If you want to make manual changes to your policies, simply make those changes in a checkout of your masterfiles repository, commit and push the changes. The next time update.cf runs, your changes will be checked out and in minutes distributed through your entire infrastructure.

Benefits

To conclude, let's summmarize the benefits of versioning your masterfiles using the built-in facilities in CFEngine Enterprise.

  • easy to use compared to home-grown VCS integration
  • supports Git out of the box and, with some work, can support others like Subversion, Mercurial, and CVS.
  • tested, reliable, and built-in
  • supports any repository and branch per hub
  • your policies are validated before deployment
  • integration happens through shell scripts and update.cf, not C code or special policies
Scalability

When running CFEngine Enterprise in a large-scale IT environment with many thousands of hosts, certain issues arise that require different approaches compared with smaller installations.
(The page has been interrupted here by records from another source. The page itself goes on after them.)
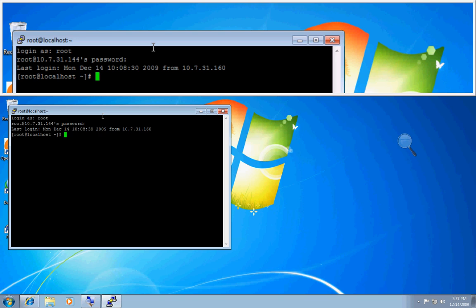Okay, we're now at the prompt, and the command you need to use to add a user is adduser, followed by a space, and then the desired name for your username. In my case, I will do lab1.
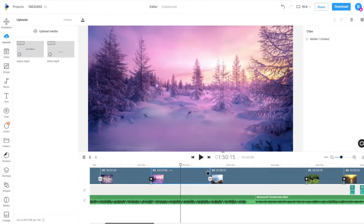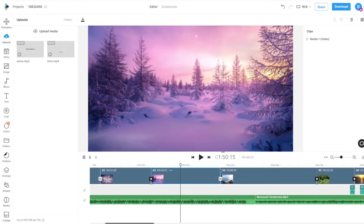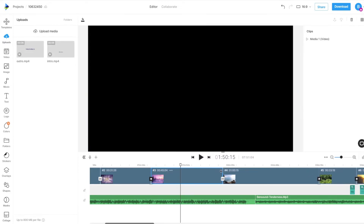On the scenes or layers timeline, you can drag the scene handle to the right to increase its duration, or to the left to decrease the duration.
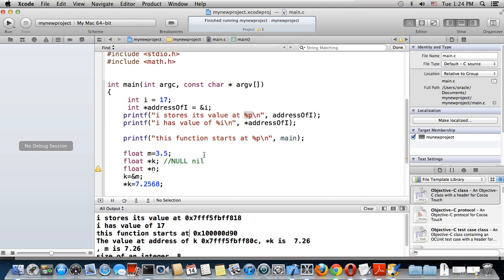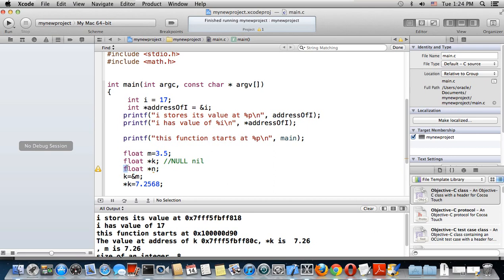I don't want to stop at just ints — I want to move to another example using float. I have defined 'm' as 3.5, and it's a float.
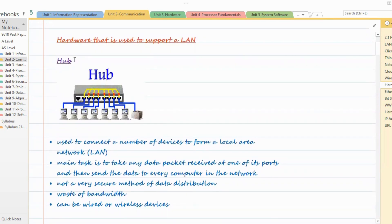There are various hardware devices — physical devices — that are required when we create a network, when we create a LAN (local area network). Some of these are hubs, switches, cables, network interface cards, wireless access points, bridges, and routers. There are many hardware devices required to create a local area network.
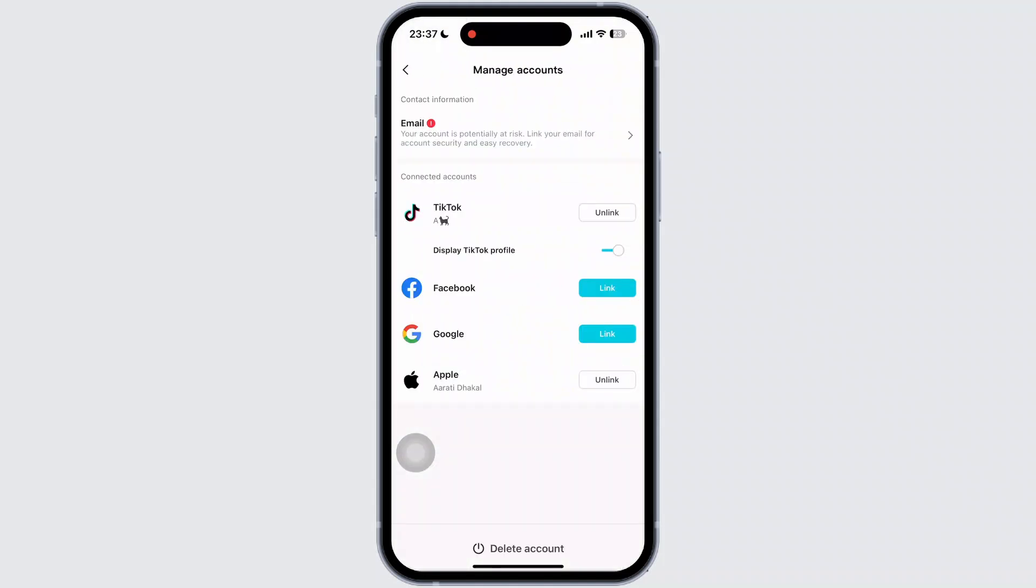Here you can see my CapCut account is linked with various social media accounts. It is also linked with my Apple account.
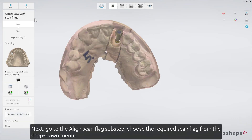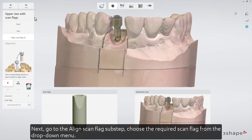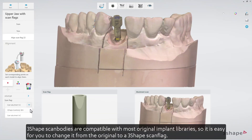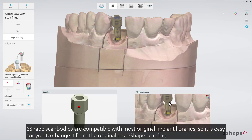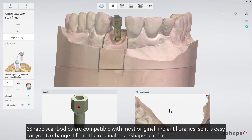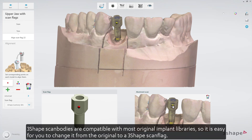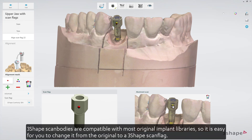Next, go to the align scan flag sub-step. Choose the required scan flag from the drop-down menu. 3-shape scan bodies are compatible with most original implant libraries, so it's easy to change from the original to a 3-shape scan flag.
With CFEngine 3.6, significant testing was performed to identify the issues surrounding scalability and to determine best practices in large-scale installations of CFEngine.

Moving PostgreSQL to Separate Hard Drive

Moving the PostgreSQL database to another physical hard drive from the other CFEngine components can improve the stability of large-scale installations, particularly when using a solid-state drive (SSD) for hosting the PostgreSQL database.
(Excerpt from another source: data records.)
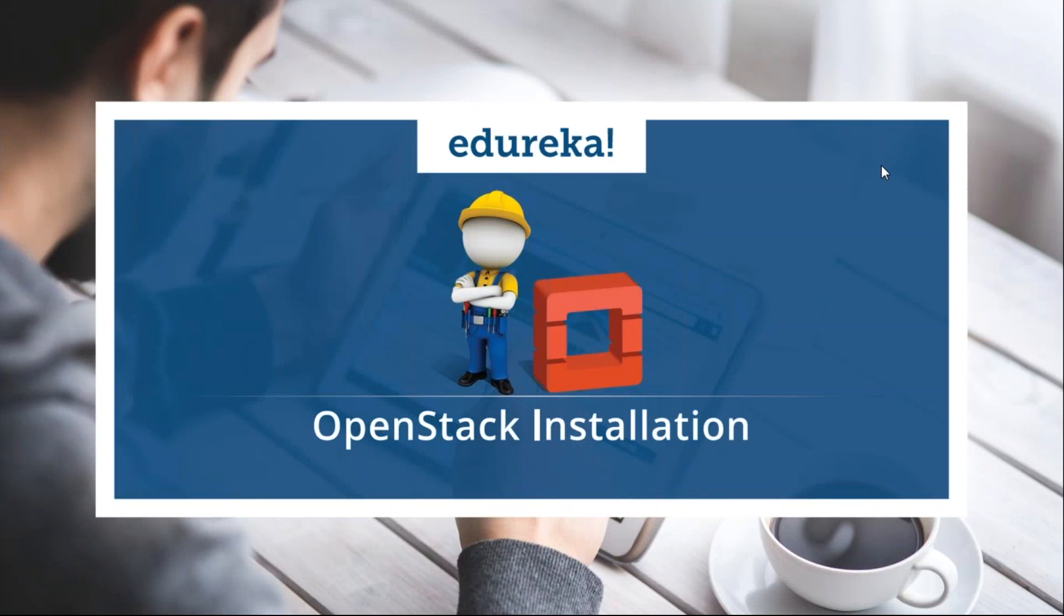Hey everyone, this is Reshma from Edureka and today I'm going to tell you how to install OpenStack in your system. Thank you all the attendees for joining today's session. If you all can hear me properly, kindly drop me a quick confirmation on the chat window so that I can proceed.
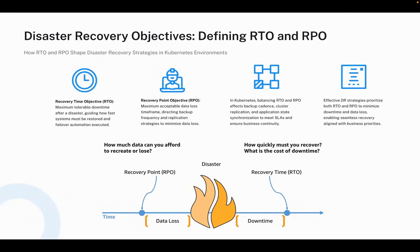Before designing any disaster recovery system, we must understand the two core objectives that guide everything. First, RTO — the recovery time objective — which defines how long we can afford for a system to be down after a failure. This influences how quickly we must bring infrastructure and applications back in line. Secondly, RPO — the recovery point objective — defines how much data loss is acceptable and tells us how frequently backups must occur or how quickly data must be replicated across regions. In Kubernetes environments, these two objectives shape our backup cadence, replication strategy between clusters, and the amount of automation required to meet business commitments.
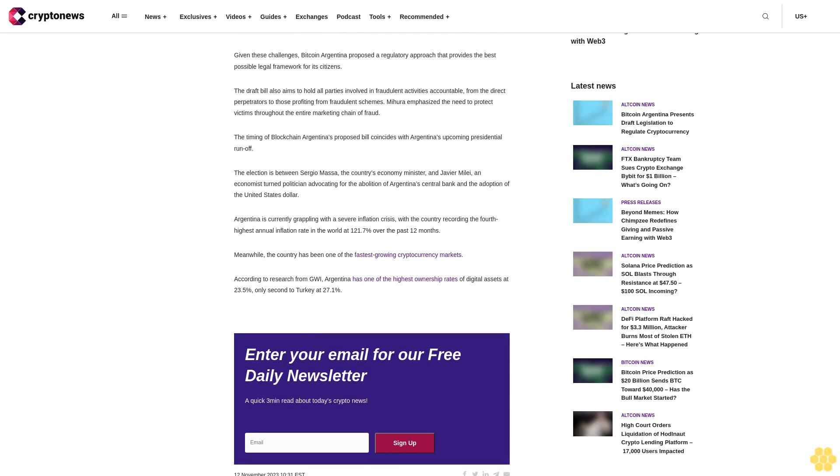The timing of Bitcoin Argentina's proposed bill coincides with Argentina's upcoming presidential runoff. The election is between Sergio Massa, the country's economy minister, and Javier Milei, an economist turned politician advocating for the abolition of Argentina's central bank and the adoption of the United States dollar.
The data access involves a huge number of random IO operations, with small chunks of data. SSD may give the best performance because it is designed for these types of scenarios.
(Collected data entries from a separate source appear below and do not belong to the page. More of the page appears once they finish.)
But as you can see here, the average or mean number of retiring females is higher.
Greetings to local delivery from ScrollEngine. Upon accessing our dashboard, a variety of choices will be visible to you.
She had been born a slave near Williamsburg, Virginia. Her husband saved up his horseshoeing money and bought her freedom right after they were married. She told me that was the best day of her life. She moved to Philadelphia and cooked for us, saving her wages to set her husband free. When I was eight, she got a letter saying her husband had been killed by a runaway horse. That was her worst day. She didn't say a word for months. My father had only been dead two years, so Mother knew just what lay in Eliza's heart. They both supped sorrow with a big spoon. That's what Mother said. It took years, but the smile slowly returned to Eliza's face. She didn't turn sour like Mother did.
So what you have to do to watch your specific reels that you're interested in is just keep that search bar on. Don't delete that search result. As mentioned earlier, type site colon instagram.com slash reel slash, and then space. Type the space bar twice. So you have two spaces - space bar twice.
Important: The PostgreSQL data files are in /var/cfengine/state/pg/ by default. Before moving the mount point, please make sure that all CFEngine processes (including PostgreSQL) are stopped and the existing data files are copied to the new location.

Setting the splaytime

The splaytime tells CFEngine hosts the base interval over which they will communicate with the policy server, which they then use to "splay" or hash their own runtimes.

Thus when splaytime is set to 4, 1000 hosts will hash their run attempts evenly over 4 minutes, and each minute will see about 250 hosts make a run attempt. In effect, the hosts will attempt to communicate with the policy server and run their own policies in predictable "waves." This limits the number of concurrent connections and overall system load at any given moment.